Дроздовы идут в атаку
К этому времени наследники Сталина стали оправляться от шока, вызванного докладом Хрущева, политическая атмосфера в стране сгущалась, реакция готовилась к контрнаступлению — ждали удобного момента и подходящего повода, чтобы приступить к реставрации сталинизма с чуть обновленным, подкрашенным фасадом (эта стратегическая цель определяла действия всех «охранителей» на протяжении нескольких десятилетий, вплоть до нынешнего времени).
Для литературных «ястребов» поводом для истерической кампании против подготовляемого «прогрессистами» (это словечко было тогда в ходу) идеологического конца света — так они изображали сложившуюся в литературе сщуацию — явилось обсуждение романа Дудинцева. Оно было необычайно многолюдным, толпа жаждавших попасть на обсуждение романа осаждала ЦДЛ. Придя заблаговременно, я с приглашением и удостоверением «Литературной газеты» едва пробился в зал, который был уже переполнен, яблоку негде упасть, сидели на лестнице, стояли на хорах. Правда, Дубовый зал, где происходило обсуждение, вмещал немного народа, новое здание ЦДЛ еще не было построено. В донесениях наверх — а готовых немедленно «сигнализировать» было хоть отбавляй — это стечение народа было представленб чуть ли не как кем-то организованный шабаш антисоветских сил.
Но главным «компроматом» выставлялось выступление Константина Паустовского. Глухим, хрипловатым, тихим голосом он рассказал о своих впечатлениях от круиза вокруг Европы на теплоходе «Победа», кажется, первой такого рода туристической поездки, во время которой ему довелось наблюдать вблизи представителей «нового правящего класса». Они были как две капли воды похожи на дудинцевского Дроздова: «Рабочие, интеллигенты, писатели и актеры занимали второй и третий класс, а первый класс и люкс — сплошные дроздовы — замы министров и номенклатурщики,— говорил Паустовский.— Они поражали нас своей спесью и диким невежеством... Говорят, что дроздовы просто чинуши, нет, это не чинуши. У нас в стране безнаказанно существует и процветает новая каста хищников и собственников, циников и мракобесов, которые, не стесняясь, вели погромные антисемитские разговоры... Они узурпировали себе право и власть говорить от имени народа... Я не собираюсь говорить о литературных достоинствах или недостатках романа Дудинцева. Дело сейчас не в этом. Роман Дудинцева — крупное общественное явление. Это первое сражение с дроздовыми. На дроздовых наша литература должна обрушиться всей силой своего гнева, пока дроздовы не исчезнут из нашей действительности. Поэтому меня несколько смутили услышанные здесь слова, в которых я уловил оттенок благодушия, слова о том, что дроздовщина — это не так уж страшно, что это как будто уже вчерашний день. Ничего подобного. Дроздовых — тысячи».

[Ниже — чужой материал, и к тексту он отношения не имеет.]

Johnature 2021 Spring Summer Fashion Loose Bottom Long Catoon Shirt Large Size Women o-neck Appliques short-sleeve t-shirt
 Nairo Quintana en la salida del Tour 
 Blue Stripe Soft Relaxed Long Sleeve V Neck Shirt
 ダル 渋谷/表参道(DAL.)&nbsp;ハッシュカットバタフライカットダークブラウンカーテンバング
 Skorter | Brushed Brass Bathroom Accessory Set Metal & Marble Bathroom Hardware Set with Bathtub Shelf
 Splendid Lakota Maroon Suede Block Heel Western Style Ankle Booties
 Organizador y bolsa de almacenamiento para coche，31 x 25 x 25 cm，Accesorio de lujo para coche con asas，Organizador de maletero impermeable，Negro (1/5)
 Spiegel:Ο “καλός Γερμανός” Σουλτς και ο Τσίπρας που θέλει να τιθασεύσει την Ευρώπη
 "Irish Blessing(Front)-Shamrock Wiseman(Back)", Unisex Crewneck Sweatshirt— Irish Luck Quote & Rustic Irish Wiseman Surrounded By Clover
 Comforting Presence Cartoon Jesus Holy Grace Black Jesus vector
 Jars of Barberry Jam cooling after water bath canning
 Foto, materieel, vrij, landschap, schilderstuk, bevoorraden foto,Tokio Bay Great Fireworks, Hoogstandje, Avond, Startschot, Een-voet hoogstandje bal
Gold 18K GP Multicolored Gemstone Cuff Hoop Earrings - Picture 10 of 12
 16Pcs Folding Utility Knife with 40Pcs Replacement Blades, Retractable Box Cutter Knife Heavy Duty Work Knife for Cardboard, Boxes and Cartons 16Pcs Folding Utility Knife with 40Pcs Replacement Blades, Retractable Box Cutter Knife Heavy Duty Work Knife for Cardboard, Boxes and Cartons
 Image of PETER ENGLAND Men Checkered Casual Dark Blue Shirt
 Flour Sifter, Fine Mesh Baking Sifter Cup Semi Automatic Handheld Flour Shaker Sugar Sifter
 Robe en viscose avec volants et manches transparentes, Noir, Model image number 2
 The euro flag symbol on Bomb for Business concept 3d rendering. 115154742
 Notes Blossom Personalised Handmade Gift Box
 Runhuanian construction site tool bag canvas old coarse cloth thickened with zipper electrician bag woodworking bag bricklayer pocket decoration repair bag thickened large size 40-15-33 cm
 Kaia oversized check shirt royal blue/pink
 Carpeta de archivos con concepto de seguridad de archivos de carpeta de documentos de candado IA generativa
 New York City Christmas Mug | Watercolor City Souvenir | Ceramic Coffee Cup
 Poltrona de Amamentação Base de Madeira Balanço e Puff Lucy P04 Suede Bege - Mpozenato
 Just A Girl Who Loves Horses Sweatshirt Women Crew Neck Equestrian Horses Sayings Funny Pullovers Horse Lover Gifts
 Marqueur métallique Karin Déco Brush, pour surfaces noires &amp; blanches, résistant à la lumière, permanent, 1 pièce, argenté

В душном возбужденном зале во время выступления Паустовского слышно было, как муха пролетит.
Высокопоставленные попутчики Паустовского по круизу, которым, конечно, тотчас же положили на стол его выступление (еще до того, как запись его в десятках машинописных копий пошла гулять по белу свету — это был один из первых, если не первый «выпуск» нарождавшегося самиздата; кстати, я цитирую речь Паустовского по такой копии, сохранившейся у одного из моих друзей), узнали себя, пришли в дикую ярость и употребили все доступные им средства, чтобы добиться примерного наказания этих наглых клеветников Паустовского и Дудинцева. Разумеется, уверяли сановники, ими движет не личная обида, а только страх за наш строй, за нашу идеологию, на которые безнаказанно посягают скрытые и явные «ревизионисты» (слово это на долгие годы войдет в политический обиход, выполняя функции такого же бичующего ярлыка, такого же проскрипционного жупела, как прежде «космополиты», а еще раньше «оппозиционеры»).